### Available records
▼

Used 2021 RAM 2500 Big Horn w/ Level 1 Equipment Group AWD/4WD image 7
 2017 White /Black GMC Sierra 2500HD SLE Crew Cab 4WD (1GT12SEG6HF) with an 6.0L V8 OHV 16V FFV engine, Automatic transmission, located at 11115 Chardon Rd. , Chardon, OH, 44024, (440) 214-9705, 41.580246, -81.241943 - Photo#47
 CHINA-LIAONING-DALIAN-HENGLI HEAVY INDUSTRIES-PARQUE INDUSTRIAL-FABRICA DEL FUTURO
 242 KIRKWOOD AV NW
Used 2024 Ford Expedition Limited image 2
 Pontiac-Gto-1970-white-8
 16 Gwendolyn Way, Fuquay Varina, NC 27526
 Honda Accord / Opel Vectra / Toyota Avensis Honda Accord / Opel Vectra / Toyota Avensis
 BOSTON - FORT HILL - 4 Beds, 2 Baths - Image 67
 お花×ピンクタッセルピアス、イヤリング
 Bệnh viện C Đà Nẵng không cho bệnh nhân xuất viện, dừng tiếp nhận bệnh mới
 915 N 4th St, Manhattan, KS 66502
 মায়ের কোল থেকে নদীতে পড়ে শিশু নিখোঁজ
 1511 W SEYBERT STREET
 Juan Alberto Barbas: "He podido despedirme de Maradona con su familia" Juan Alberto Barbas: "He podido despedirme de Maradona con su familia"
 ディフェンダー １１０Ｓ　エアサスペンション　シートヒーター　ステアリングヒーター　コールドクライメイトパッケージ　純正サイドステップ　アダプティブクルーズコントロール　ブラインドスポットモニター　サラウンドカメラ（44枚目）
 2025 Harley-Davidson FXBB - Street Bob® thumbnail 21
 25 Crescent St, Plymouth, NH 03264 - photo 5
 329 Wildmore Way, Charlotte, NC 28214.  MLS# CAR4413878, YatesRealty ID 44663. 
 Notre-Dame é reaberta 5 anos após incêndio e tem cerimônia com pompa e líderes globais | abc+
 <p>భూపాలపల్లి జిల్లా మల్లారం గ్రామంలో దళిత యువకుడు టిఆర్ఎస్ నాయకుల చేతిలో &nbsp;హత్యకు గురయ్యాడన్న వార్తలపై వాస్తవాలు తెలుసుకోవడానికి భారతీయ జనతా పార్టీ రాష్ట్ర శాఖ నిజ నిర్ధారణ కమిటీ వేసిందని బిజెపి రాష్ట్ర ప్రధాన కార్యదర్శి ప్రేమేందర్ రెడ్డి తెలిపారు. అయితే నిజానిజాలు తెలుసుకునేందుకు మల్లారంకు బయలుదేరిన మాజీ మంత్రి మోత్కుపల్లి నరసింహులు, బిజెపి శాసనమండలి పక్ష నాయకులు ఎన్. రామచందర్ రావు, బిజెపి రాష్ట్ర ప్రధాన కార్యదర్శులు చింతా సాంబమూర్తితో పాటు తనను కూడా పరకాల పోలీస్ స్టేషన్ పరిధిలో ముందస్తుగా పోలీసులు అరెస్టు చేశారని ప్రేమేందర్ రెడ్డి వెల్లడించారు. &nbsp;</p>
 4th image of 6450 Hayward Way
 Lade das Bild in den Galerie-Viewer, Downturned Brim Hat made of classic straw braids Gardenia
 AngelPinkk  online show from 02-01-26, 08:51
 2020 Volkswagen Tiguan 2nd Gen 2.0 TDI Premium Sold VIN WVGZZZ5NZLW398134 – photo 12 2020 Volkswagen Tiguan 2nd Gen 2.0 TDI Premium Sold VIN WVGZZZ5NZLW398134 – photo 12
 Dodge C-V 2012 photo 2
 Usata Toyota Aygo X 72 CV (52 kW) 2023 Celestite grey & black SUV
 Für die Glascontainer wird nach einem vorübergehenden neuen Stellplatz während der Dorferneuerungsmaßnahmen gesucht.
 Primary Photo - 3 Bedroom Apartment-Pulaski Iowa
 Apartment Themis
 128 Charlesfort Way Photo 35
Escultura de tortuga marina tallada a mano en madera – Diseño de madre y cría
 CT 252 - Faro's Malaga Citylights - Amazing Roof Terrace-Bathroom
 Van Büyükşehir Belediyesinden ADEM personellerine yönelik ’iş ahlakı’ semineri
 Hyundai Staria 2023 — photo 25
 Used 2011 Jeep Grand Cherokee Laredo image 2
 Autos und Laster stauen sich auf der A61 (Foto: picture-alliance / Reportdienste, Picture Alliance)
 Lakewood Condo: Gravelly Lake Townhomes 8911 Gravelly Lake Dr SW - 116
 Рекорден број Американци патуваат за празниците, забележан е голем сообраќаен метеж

▲

Your task for the entries above: copy exactly the span starting with the line with "1511 W SEYBERT STREET" and going on through the line with "Notre-Dame é reaberta", both lines included, and nothing else.

 1511 W SEYBERT STREET
 Juan Alberto Barbas: "He podido despedirme de Maradona con su familia" Juan Alberto Barbas: "He podido despedirme de Maradona con su familia"
 ディフェンダー １１０Ｓ　エアサスペンション　シートヒーター　ステアリングヒーター　コールドクライメイトパッケージ　純正サイドステップ　アダプティブクルーズコントロール　ブラインドスポットモニター　サラウンドカメラ（44枚目）
 2025 Harley-Davidson FXBB - Street Bob® thumbnail 21
 25 Crescent St, Plymouth, NH 03264 - photo 5
 329 Wildmore Way, Charlotte, NC 28214.  MLS# CAR4413878, YatesRealty ID 44663. 
 Notre-Dame é reaberta 5 anos após incêndio e tem cerimônia com pompa e líderes globais | abc+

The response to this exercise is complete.